INFORMATION SHOWN:
----
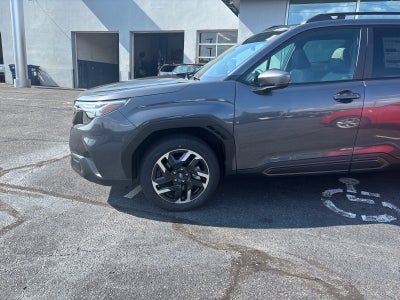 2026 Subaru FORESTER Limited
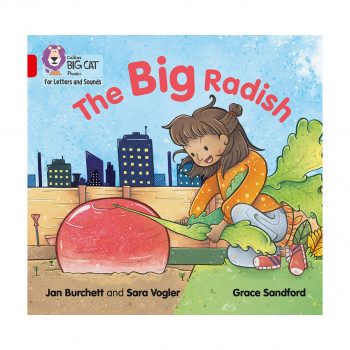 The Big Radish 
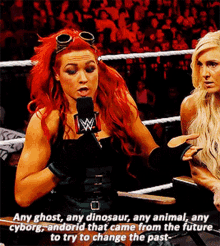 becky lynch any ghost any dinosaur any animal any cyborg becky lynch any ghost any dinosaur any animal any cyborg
----
PROBLEM TO WORK ON: Please write out, word for word, each line from the one with "The Big Radish" to the last line of the data, keeping both ends and omitting pictures.

WORKED SOLUTION:
 The Big Radish 
 becky lynch any ghost any dinosaur any animal any cyborg becky lynch any ghost any dinosaur any animal any cyborg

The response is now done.